Unless a mission demands otherwise, anyway. One endows you with a homing firework launcher with a pleasingly generous auto-aim, asking you to take out rooftop snipers within a time limit. Others are more traditional 3D-platformer fare, and are oddly satisfying despite the potential for frustration inherent in building a platform game around a cardboard box with exaggerated real-world physics. It’s a zippy, unruly thing, certainly, but it’s tremendously responsive, and there’s a silly little thrill in arresting momentum just in time before your avatar drops into what would, for a cardboard box, be a fatal swim in the crystal-blue sea. And throughout, the multi-jump mechanic has you thinking about the space around you in intriguing ways. One quest-giver asks you to trek to the top of a high tower. Following the path means navigating a tricky sequence of obstacles – how many of them could you bypass by simply unbox-jumping up the side?

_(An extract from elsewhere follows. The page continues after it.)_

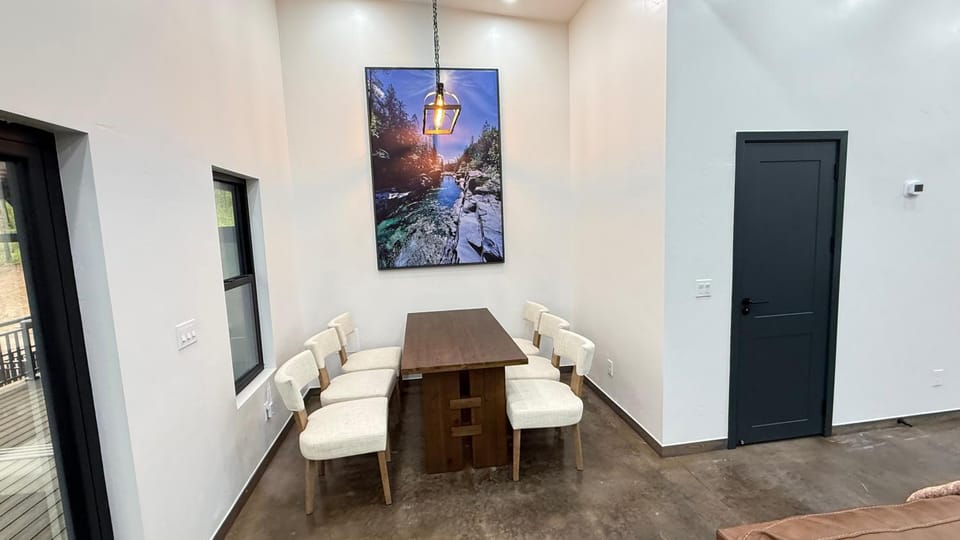 Seating area, Dining area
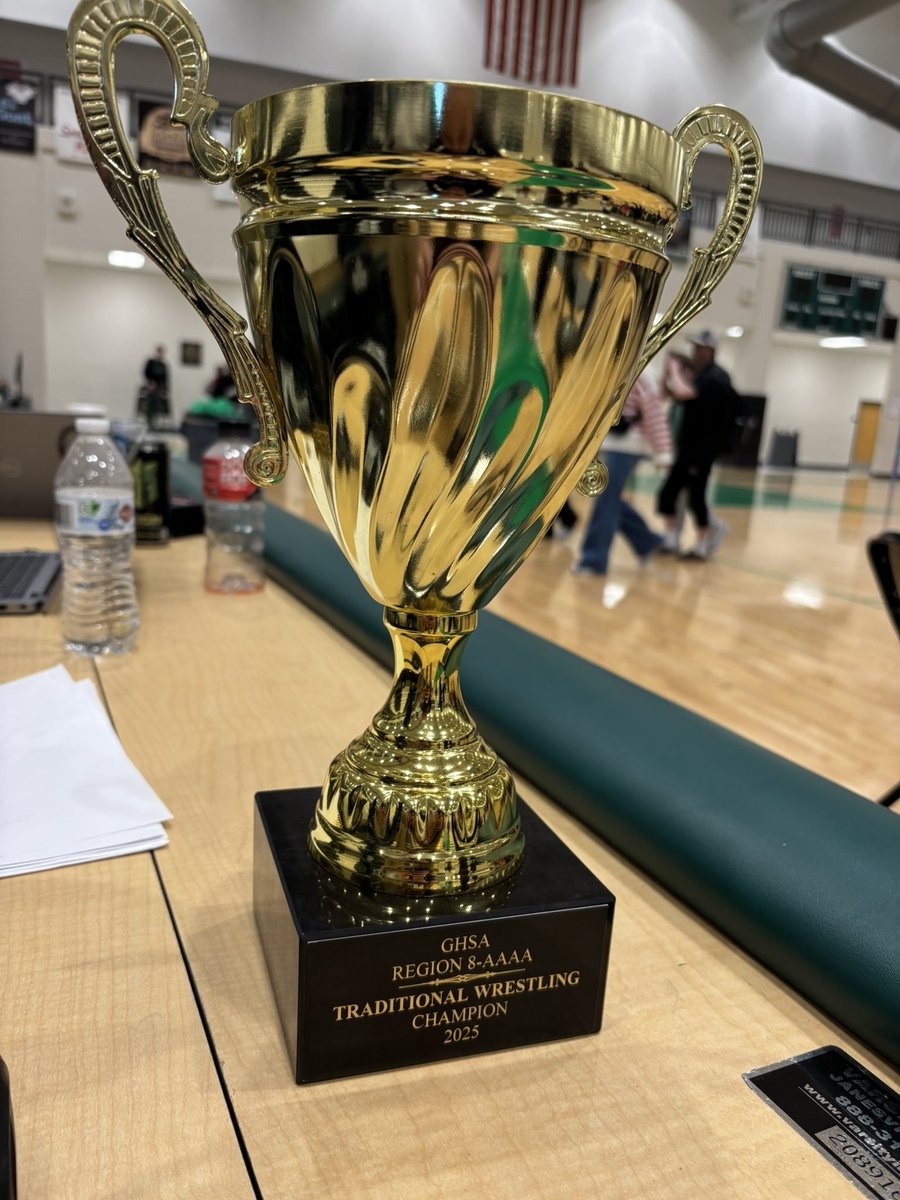 ChampYoung1's tweet photo. Congrats to @cpaynecaleb and his squad today for winning the Region 8-AAAA Traditional Tournament. On to sectionals!!! Go @EHS_Eagles @NewtonCoSports1 https://t.co/MSQrYDcFSl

Fourplayer splitscreen multiplayer sports a similarly novel spin on conventions. It’s a pacy, madcap blend of racing, platforming and shooting with playful, slippery physics and wanton environmental destruction. Modern standards dictate that Unbox’s multiplayer mode should be online-enabled. However, Manchester studio Prospect Games is staying true to its roots and, currently at least, is limiting the game’s multiplayer component to players in the same room. Yet for all the nods to the past, Unbox feels oddly new – and for more than just its Unreal-powered physics. While it’s far from the first contemporary indie game to take its inspiration from the golden age of 3D platformers and fourplayer splitscreen, the pleasures of its novel take on the genre conventions of player movement, and the slapstick comedy of its physics, mean this is no mere callback to its developers’ childhoods. Yes, there are nods to the likes of Katamari Damacy, Super Monkey Ball and any number of 3D Mario games, but Unbox has an identity all of its own – and it’s rather more appealing than its drab cardboard exterior would have you believe. While the state of the parcel’s contents may lead the recipient to question the merits of a self-delivering cardboard box, the game itself is in fine shape.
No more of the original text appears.